Туберкулез и лекарственная устойчивость

Первой в мире тест-системой на основе биочипов, зарегистрированной для медицинского применения, стал разработанный в ИМБ в 2004 г. набор «ТБ-Биочип-1». С его помощью можно определить наличие в геноме микобактерии туберкулеза 47 мутаций, приводящих к устойчивости к двум основным противотуберкулезным препаратам - рифампицину и изониазиду .

Почему внимание исследователей привлек именно туберкулез? Дело в том, что многие десятилетия для борьбы с этой болезнью использовали комбинированное лечение сразу несколькими химиопрепаратами, чтобы повысить его эффективность. При монотерапии больные быстро приобретали устойчивость к лекарству. Однако такая стратегия привела к тому, что уже в конце прошлого века в мире, в том числе и в России, начал повсеместно распространяться туберкулез со множественной лекарственной устойчивостью . Именно этот фактор в наши дни чаще всего является причиной неудачного исхода лечения и возникновения рецидива болезни, от которой ежегодно в мире умирает более 3 млн человек.
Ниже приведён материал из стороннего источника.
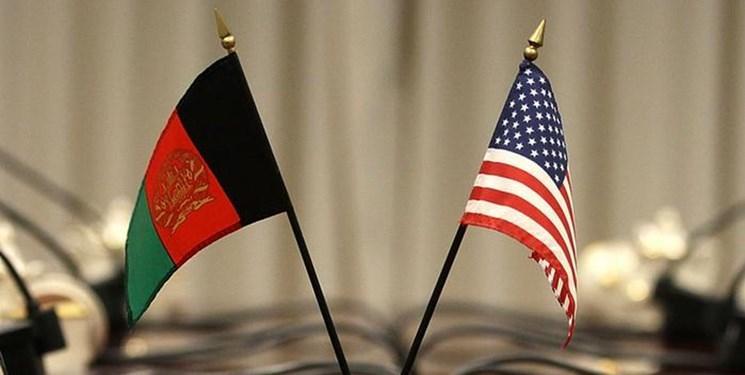 کابل: آمریکا تا 14 ماه آینده افغانستان را ترک می کند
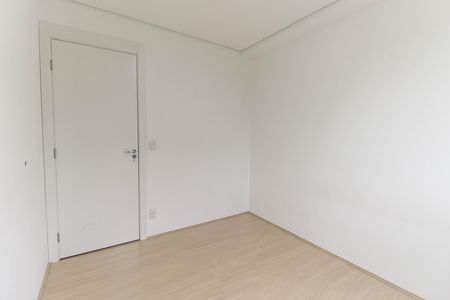 Apartamento para alugar com 35m², 2 quartos e sem vagaQuarto 1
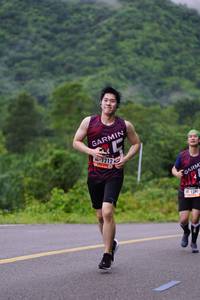 BIB: 1212, 1390
                            <button type="button" onclick="openModal(5556392)" class="btn btn-primary btn-sm float-right btn-popup" data-toggle="modal" data-target=".modal-high-quality">
                        <i class="fas fa-shopping-cart"></i> Add to Cart
                    </button>
                                            <button type="button" onclick="isThisMe(5556392, true)" class="btn btn-success btn-sm float-right btn-popup btn-isme hidden" data-toggle="tooltip" data-placement="bottom" title="นี่คือรูปของคุณใช่ไหม คลิกที่นี่เพื่อเอาเข้าอัลบั้ม">
                        <i class="fas fa-plus"></i> Add to album
                    </button>
                    <button type="button" onclick="isThisMe(5556392, false)" class="btn btn-warning btn-sm float-right btn-popup btn-isnotme hidden">
                        <i class="fas fa-ban"></i> Remove from album
                    </button>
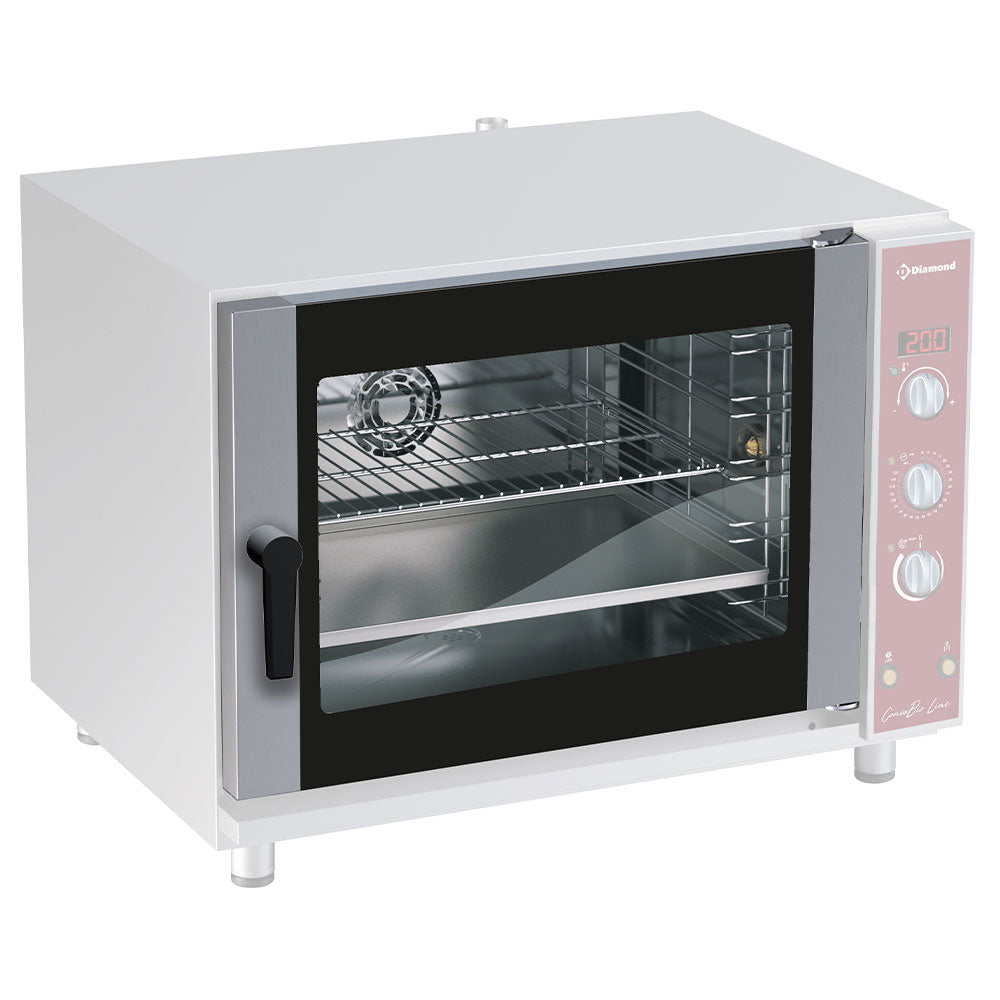 Uploaded DIAMOND Image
Изониазид и рифампицин относятся к популярным и наиболее эффективным препаратам первого (основного) ряда. И если выделенный от пациента возбудитель окажется устойчивым к этим лекарствам, нужно обращаться к химиопрепаратам второго (резервного) ряда, к которым будет чувствительна эта бактериальная популяция. Сегодня одними из наиболее перспективных препаратов для лечения таких форм туберкулеза являются фторхинолоны . Поэтому следующей тест-системой в ряду диагностических тестов ИМБ стал «ТБ-Биочип-2», с помощью которого можно выявить лекарственную устойчивость к различным классам этих препаратов (Грядунов и др., 2009).

Все более широкое распространение форм туберкулеза со множественной лекарственной устойчивостью явилось стимулом для дальнейшей «эволюции» тест-системы. Требовалось, во-первых, максимально охватить весь спектр генетически детерминированной резистентности к широкому ряду противотуберкулезных препаратов. Во-вторых, возникла необходимость определять генотип и соответственно принадлежность выделенного штамма к основным семействам, циркулирующим на территории РФ, что важно не только для эпидемиологического мониторинга структуры популяции возбудителей туберкулеза, но и для назначения адекватной терапии.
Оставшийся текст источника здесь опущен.